Neste sentido, a criatura aproxima-se do
Satã do “Paraíso Perdido” (John Milton), como ela mesma afirma para
Frankenstein: “eu sou tua criatura; Eu deveria ser o seu Adão, mas eu sou o
anjo caído (…). Em todo lugar vejo bem-aventurança, da qual apenas eu sou
irrevogavelmente excluído. Eu era benevolente e bom; o tormento me fez um
demônio”.
Apesar
de ser o monstro o autor de crimes terríveis, ele não é o único culpado: “Serei
eu a ser o único criminoso, quando toda a humanidade pecou contra mim?”¹. O
verdadeiro e maior crime de Frankenstein, além do excesso contra Deus ou contra
a Natureza (afinal, ele é o Prometeu), é o de não compadecer-se por sua
criatura². Ele que, ao abandoná-la, transformou-a em um demônio – “Você me fez
miserável além da expressão”¹. Por isso, Frankenstein também padece com o fardo
da culpa. De acordo com Mary Shelley, não há um monstro na obra – “trate alguém
mal e ele se tornará mau”, afirmava. Na verdade, faltou em Frankenstein a capacidade
de sensibilizar-se, ou seja, faltou nele uma das pedras de toque do movimento
romântico (sim, Frankenstein é uma obra romântica).
Além
de o monstro estar sempre entre as condições de Adão e de Satã, ele também é
comumente interpretado como “a outra metade” de Frankenstein. Uma das ideias
mais importantes do Romantismo está expressa nas seguintes palavras do poeta
inglês Percy Shelley: “A criação (…) é uma expansão, é um fluxo da alma
direcionado para fora”³. A criação, considerada uma emanação da alma, seria,
portanto, a massa caótica e latente das emoções tomando uma forma definida. E
como emanação, a criação seria também uma parte solipsista do ser que cria. Por
isso, Frankenstein e seu monstro são interpretados como metades do mesmo ser. O
monstro seria o poder criativo de Frankenstein encarnado, a sombra do eu².
“Frankenstein;
ou O Prometeu Moderno”, embora tenha algumas falhas apontadas pelos críticos, é
um bom representante do ideal romântico em que estava inserido. Faz também o
leitor revisitar a eterna condição prometéica do homem e condoer-se da tragédia
indissolúvel daqueles que são culpados e, concomitantemente, dignos de pena.

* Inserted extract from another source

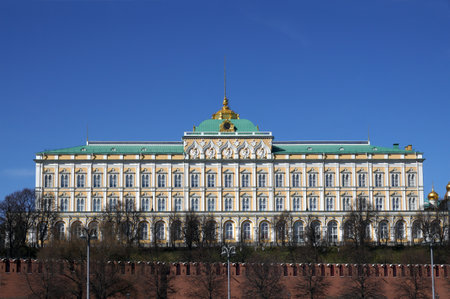 Moscow. Russia - April the 14th 2022: Grand Kremlin Palace with spire on cupola behinf red brick Kremlin wall cloudless sunny bright dayのeditorial素材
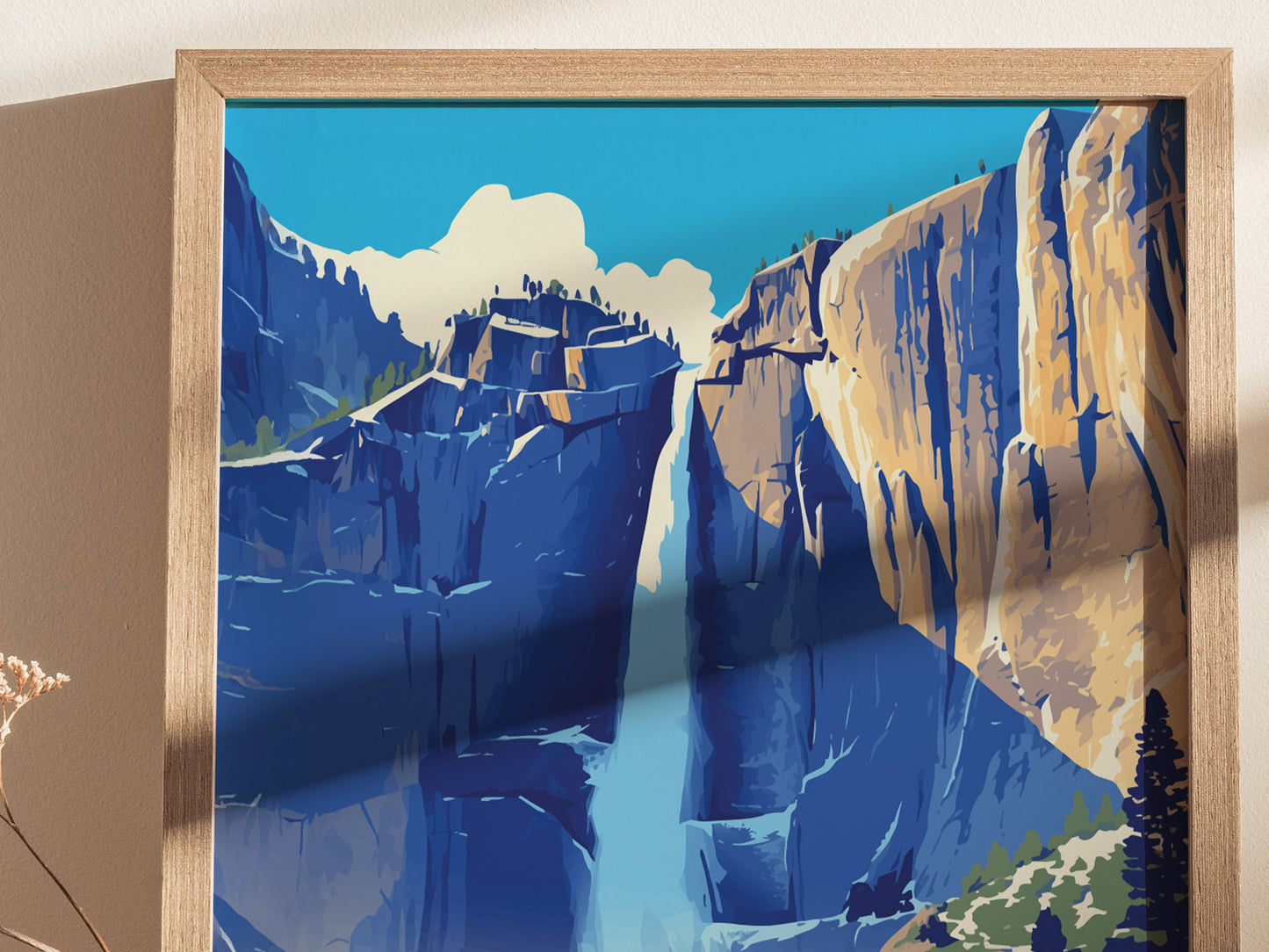 A framed poster depicts a stylized illustration of Upper Yosemite Falls with vibrant blue and orange hues, capturing the waterfall cascading down rocky cliffs under a bright sky.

Por fim, é profético para nossa era cientificista. Da obra, Mary Shelley faz
ecoar até os nossos dias um questionamento a todos aqueles que mergulham numa
busca cega pela ciência sem limites éticos: “Como te atreves a brincar assim
com a vida? (…) Homem, quão ignorante tu és na tua soberba da sabedoria”.